To whom it may concern:
This past week has been emotional for us all; Jonathan Butler’s hunger strike and the Concerned Student 1950 movement have stirred up a lot of dialogue at MU. His strike has propelled Concerned Student 1950 into a frenzy of action. MU’s black community has become a family like no other, and this is something you should be paying attention to. This is an article I’m having trouble writing; I know there is nothing I should be writing about right now other than this, but I don’t know how to approach it.
I could tell you that this is the realest week I’ve gone through in my entire life. Butler will finish graduate school this year, yet he is willing to risk his own life for the safety and comfort of me and other black students who will be here years after. The tension and emotion that builds up in the big room of the Gaines/Oldham Black Culture Center during Town Hall meetings is unlike any other because everyone is thinking the same thing: Butler shouldn’t have to do this.

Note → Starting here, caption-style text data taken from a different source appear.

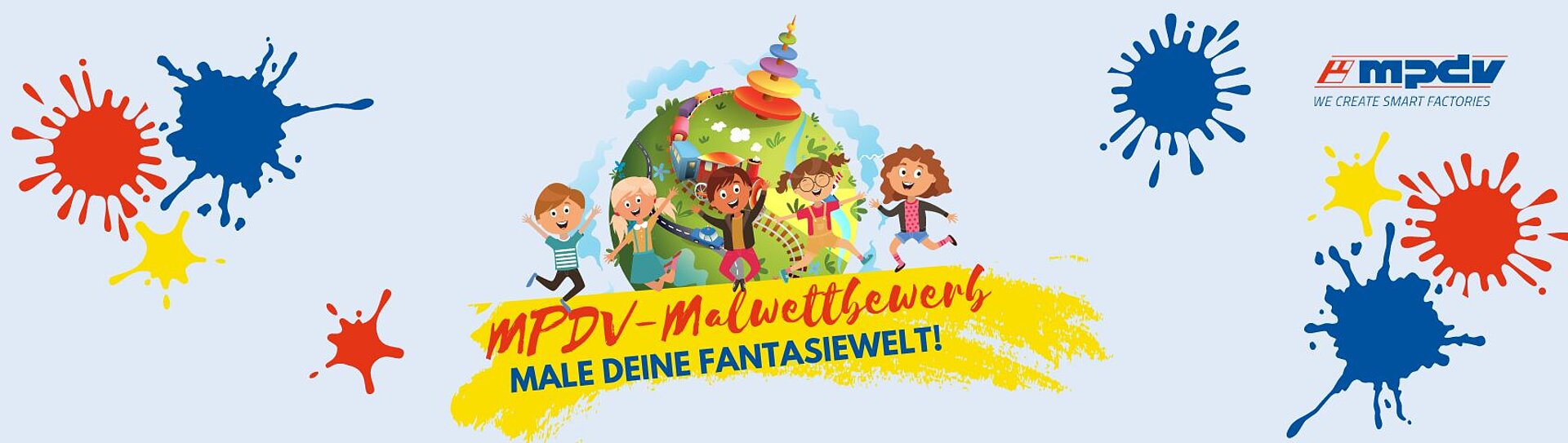 MPDV Malwettbewerb MPDV Malwettbewerb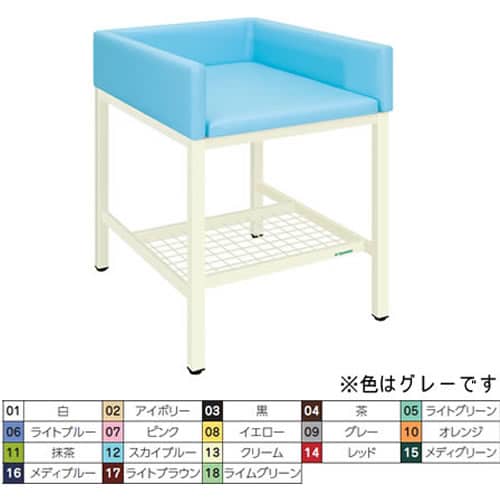 オムツ交換台(縦型) 幅800座面高900 09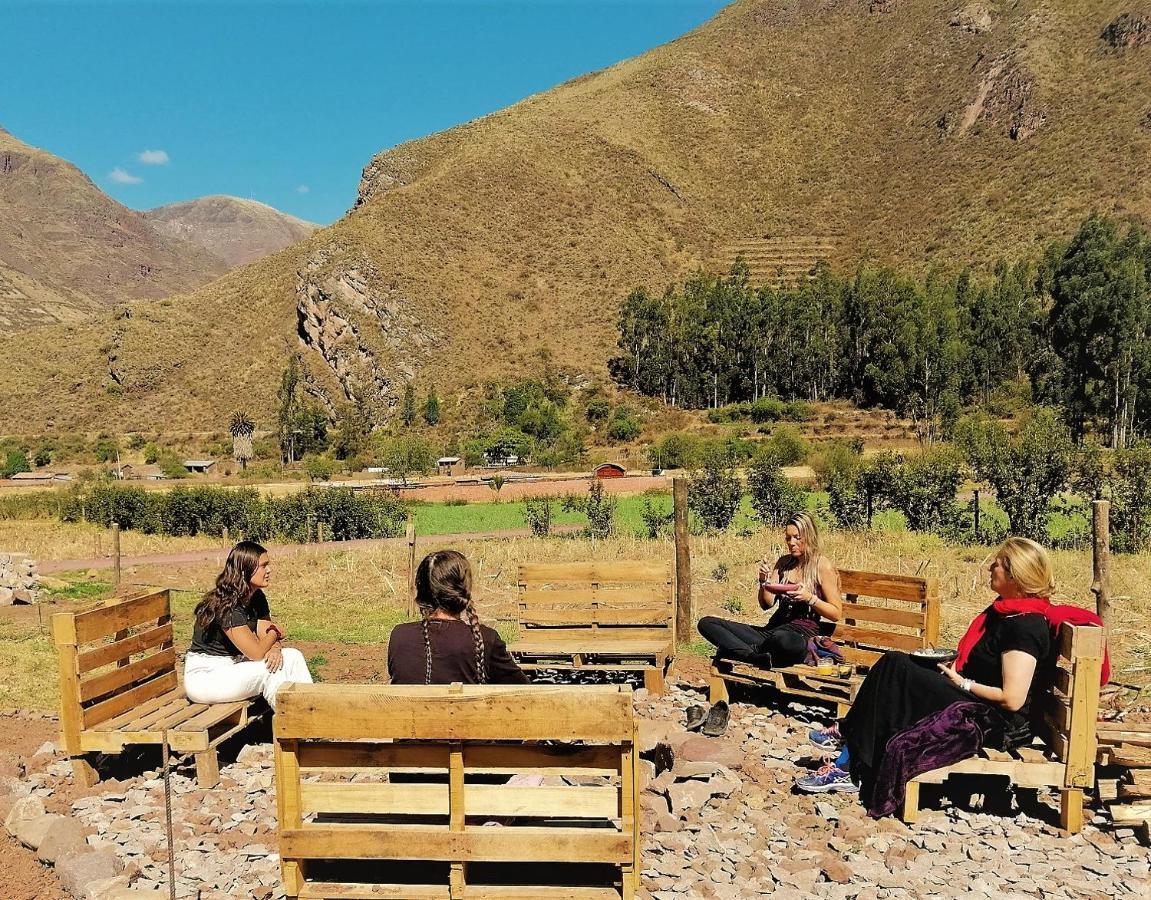 Hatha Art Yoga Pisac Eksteriør billede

We are here at this university, all of us at the same time, to make a difference in our own ways. Every student here, black, white, etc., is here to show people how a difference is made. Watch us as we come together as a student body to stare systemic oppression in the face.
As of Nov. 7, the football team is in agreement that no player will participate in football-related activities. This is only the beginning of our united student front. Wolfe will step down, and that will only be the beginning of the change that is coming to MU.
Our campus is being covered nationally, and here in this moment is our chance to change the dynamic of all predominantly white institutions. This is not the moment when we tell all black students to attend a historically black college or university instead; that would be shying away from the problem. That would be looking racism and systemic oppression in the face and running in the opposite direction. That would be to regress 50 years into the past. This is the moment when all black students at all predominantly white and historically black institutions stand together in unison to change the ideas of a community that has been oppressing us for years.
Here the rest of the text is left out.